Bug 1302613

Summary: Replicator does not delete handoff copies, thus leaving multiple copies in cluster and disk usage increases
Product: Red Hat OpenStack Reporter: Christian Schwede (cschwede) <cschwede>
Component: openstack-swiftAssignee: Pete Zaitcev <zaitcev>
Status: CLOSED ERRATA QA Contact: Mike Abrams <mabrams>
Severity: high Docs Contact:
Priority: high    
Version: 7.0 (Kilo)CC: bbilgin, derekh, furlongm, mabrams, scohen, srevivo, zaitcev
Target Milestone: ---Keywords: ZStream
Target Release: 7.0 (Kilo)Flags: cschwede: needinfo+
Hardware: x86_64   
OS: Linux   
Whiteboard:
Fixed In Version: openstack-swift-2.3.0-5.el7ost Doc Type: Bug Fix
Doc Text:
Story Points: ---
Clone Of: Environment:
Last Closed: 2016-10-05 19:15:43 UTC Type: Bug
Regression: --- Mount Type: ---
Documentation: --- CRM:
Verified Versions: Category: ---
oVirt Team: --- RHEL 7.3 requirements from Atomic Host:
Cloudforms Team: --- Target Upstream Version:

Description Christian Schwede (cschwede) 2016-01-28 09:33:19 UTC
Description of problem:

The swift object replicator does not delete a handoff copy that is successfully replicated to its primary nodes. Thus data is never deleted when a rebalance changes the cluster layout; for example when adding new disks data is replicated to the new disks, but not removed from the existing ones. Therefore a rebalance will actually not rebalance the data distribution. In fact total data usage will increase without adding new data.

Most likely happens with geo-replicated clusters.

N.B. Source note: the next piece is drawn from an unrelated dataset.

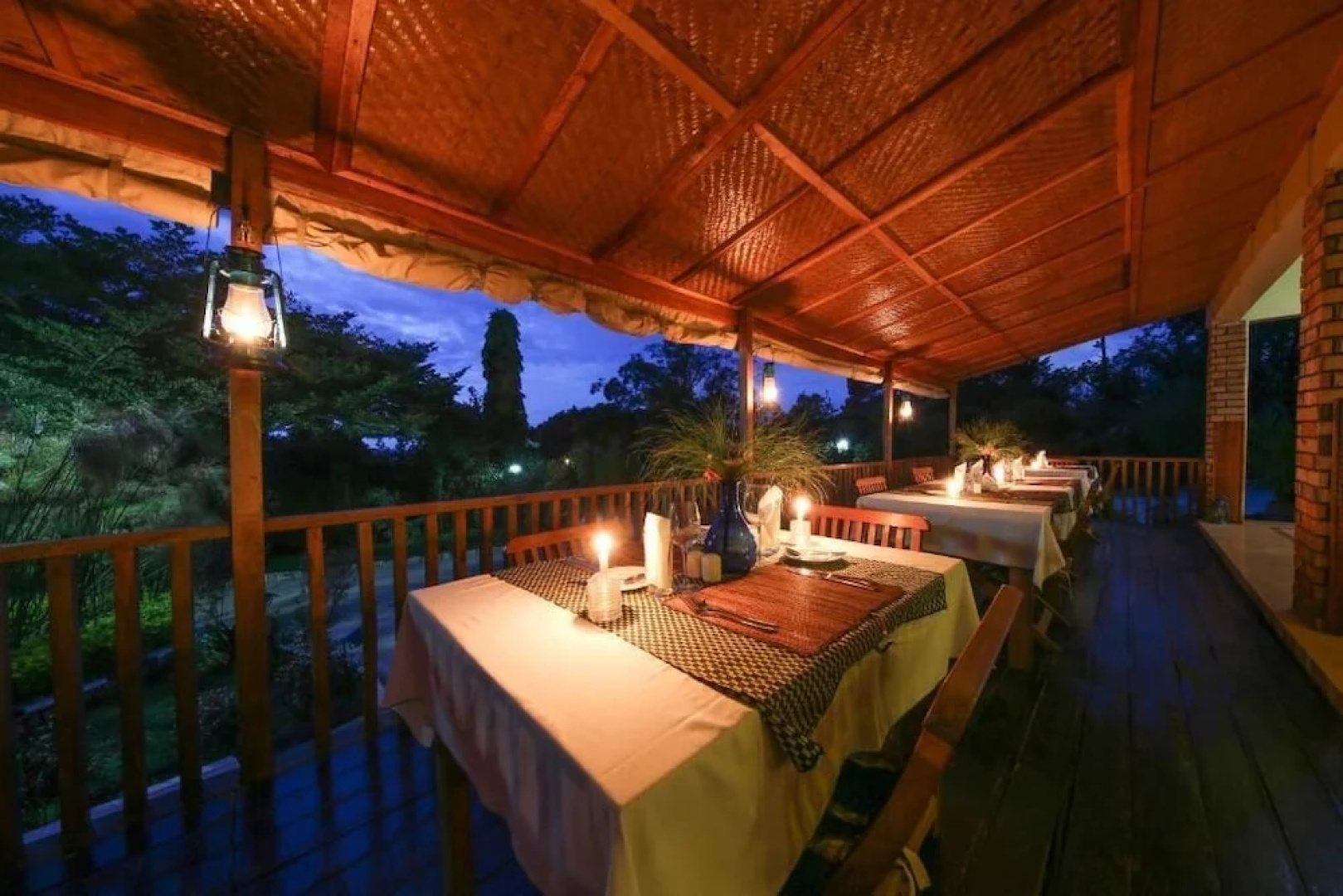 Papyrus Guest House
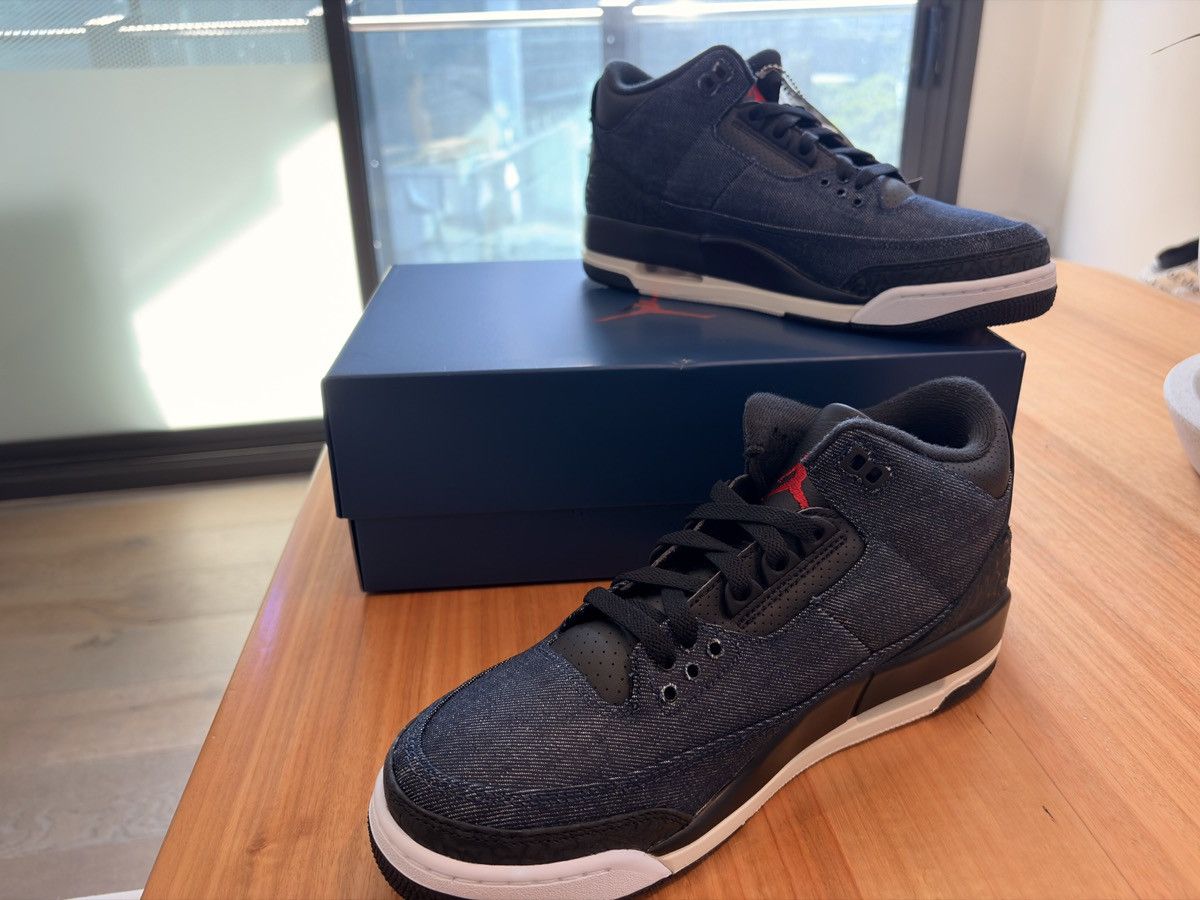 Jordan Brand × Levi's Air Jordan 3 x Levi's Indigo Denim US 10 Deadstock Size US 10 / EU 43 - 1 Thumbnail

Version-Release number of selected component (if applicable):

2.3
2.5

openstack-swift-object-2.3.0-2.el7ost.noarch

How reproducible:

Always.

Steps to Reproduce:
1. Create a Swift cluster with multiple regions
2. Upload data
3. Add or remove a node or disk from cluster and rebalance
4. Data is left on the old disks and not removed, even if it is a handoff node.

Actual results:

Data is NOT removed from a handoff node after successful replication.

Expected results:

Data is removed from a handoff node after successful replication.

Additional info:

Fixed upstream: https://github.com/openstack/swift/commit/d01cd425094c2e56e4e89dbf3eaf887815dd5b62

Also affects Swift 2.5 (as stated in the linked Launchpad bug entry).

Error message from object-replicator:

Jan 28 11:13:17 ******* object-replicator: Error syncing handoff partition: #012Traceback (most recent call last):#012  File "/usr/lib/python2.7/site-packages/swift/obj/replicator.py", line 269, in update_deleted#012    delete_objs = delete_objs.intersection(cand_objs)#012AttributeError: 'list' object has no attribute 'intersection'

Comment 4 Christian Schwede (cschwede) 2016-02-02 07:46:58 UTC
This has been also fixed upstream in stable/kilo: https://review.openstack.org/#/c/232696/

Comment 12 errata-xmlrpc 2016-10-05 19:15:43 UTC
Since the problem described in this bug report should be
resolved in a recent advisory, it has been closed with a
resolution of ERRATA.

For information on the advisory, and where to find the updated
files, follow the link below.

If the solution does not work for you, open a new bug report.

https://rhn.redhat.com/errata/RHBA-2016-2028.html